Domestic team information
- 1840–1842: Marylebone Cricket Club

Career statistics
| Competition | First-class |
| Matches | 2 |
| Runs scored | 19 |
| Batting average | 6.33 |
| 100s/50s | –/– |
| Top score | 8 |
| Catches/stumpings | –/– |
- Source: Cricinfo, 11 May 2021

= John Thornhill =

English cricketer & clergyman (1815–1875)

John Thornhill (14 July 1815 – 28 January 1875) was an English first-class cricketer and clergyman.

The son of the politician George Thornhill, he was born in July 1815 at Hemingford Grey, Huntingdonshire. He was educated at Rugby School, before going up to St John's College, Cambridge.

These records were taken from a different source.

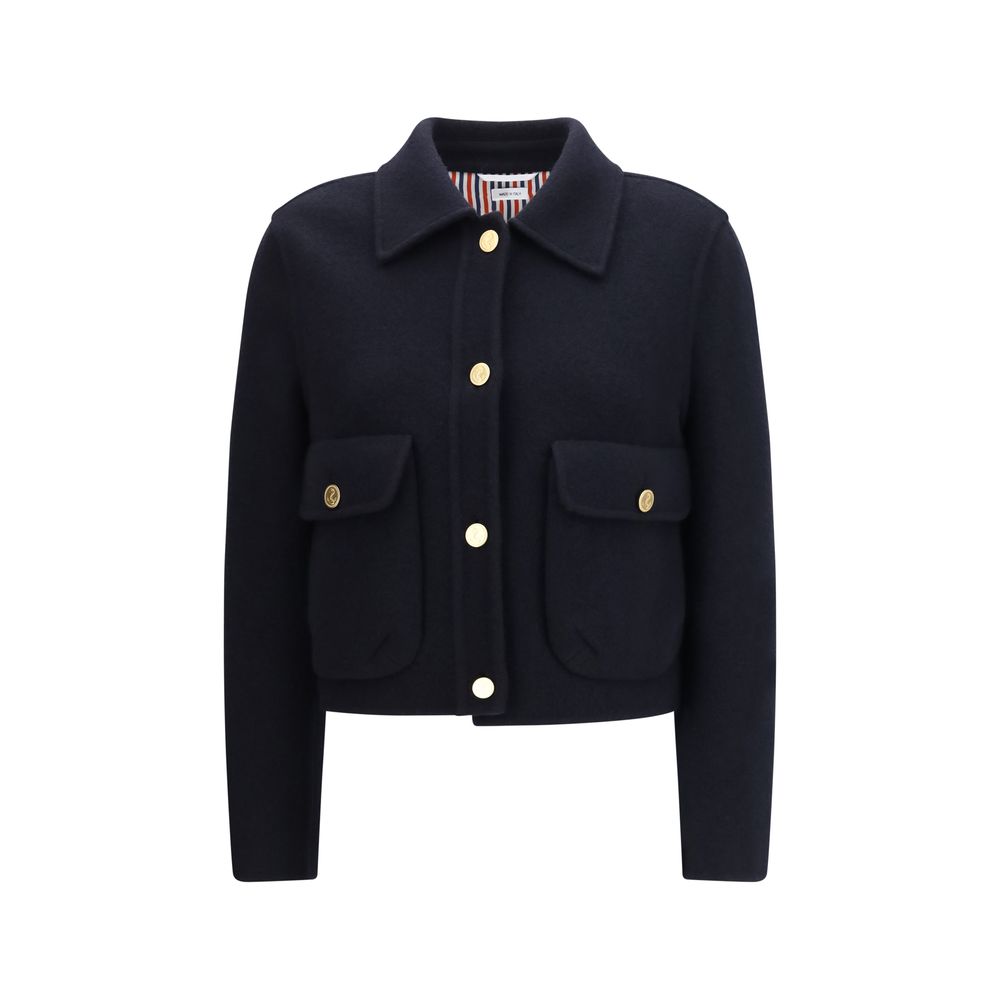 Thom Browne blaue Wolljacke Oves Aries in voller Länge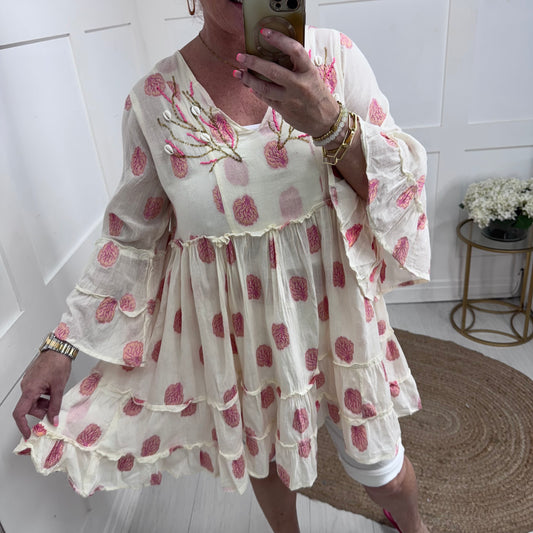 Lilia: Cream shell & embroidery tunic dress. One size: 12-16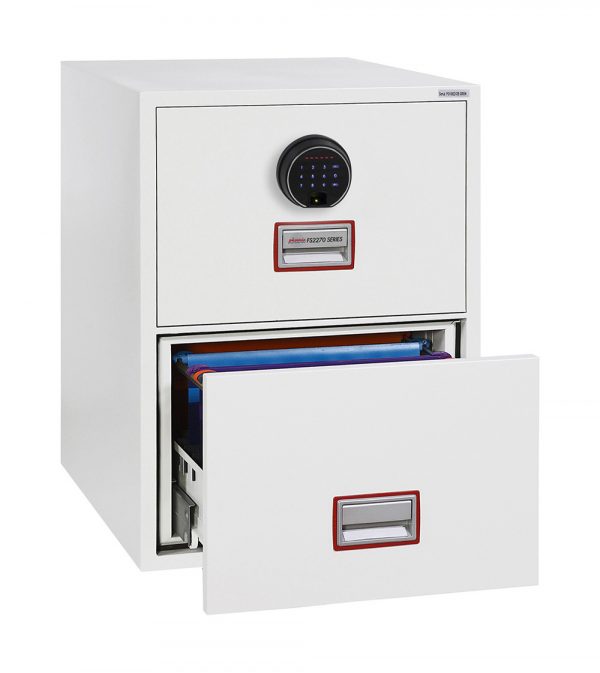 Phoenix World Class Vertical Fire File FS2272F 2 Drawer Filing Cabinet with Fingerprint Lock
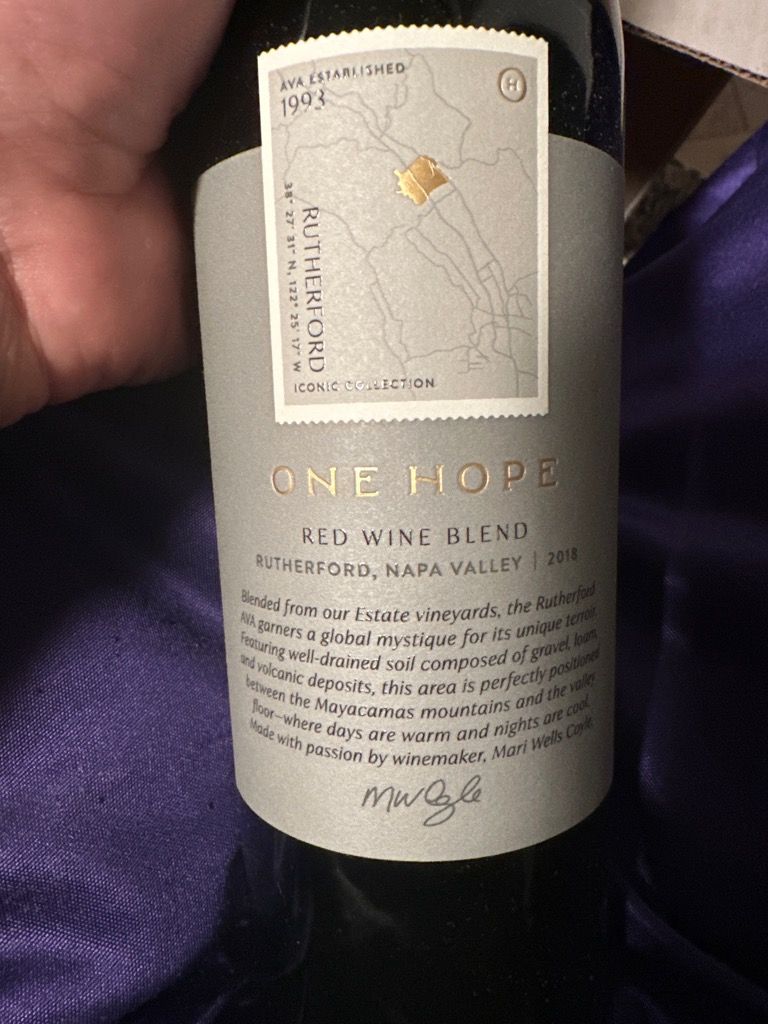 2018 One Hope Red Wine Blend Rutherford, USA, California, Napa Valley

After graduating from Cambridge, he took holy orders in the Anglican Church, being ordained as a deacon at Durham Cathedral in 1838. His first ecclesiastical post was at Boxworth in Cambridgeshire, where he was appointed reverend in 1839. Thornhill was from a cricketing family, with his brothers Charles and George both playing first-class cricket. Thornhill himself played two first-class matches for the Marylebone Cricket Club, both against Cambridge University at Cambridge in 1840 and 1842. He scored 19 runs in his two matches, with a highest score of 8. From 1850 he was concurrently the reverend of Childerley, a hamlet to the south of Boxworth. Thornhill was also a justice of the peace for Cambridgeshire. He died at Boxworth in January 1875.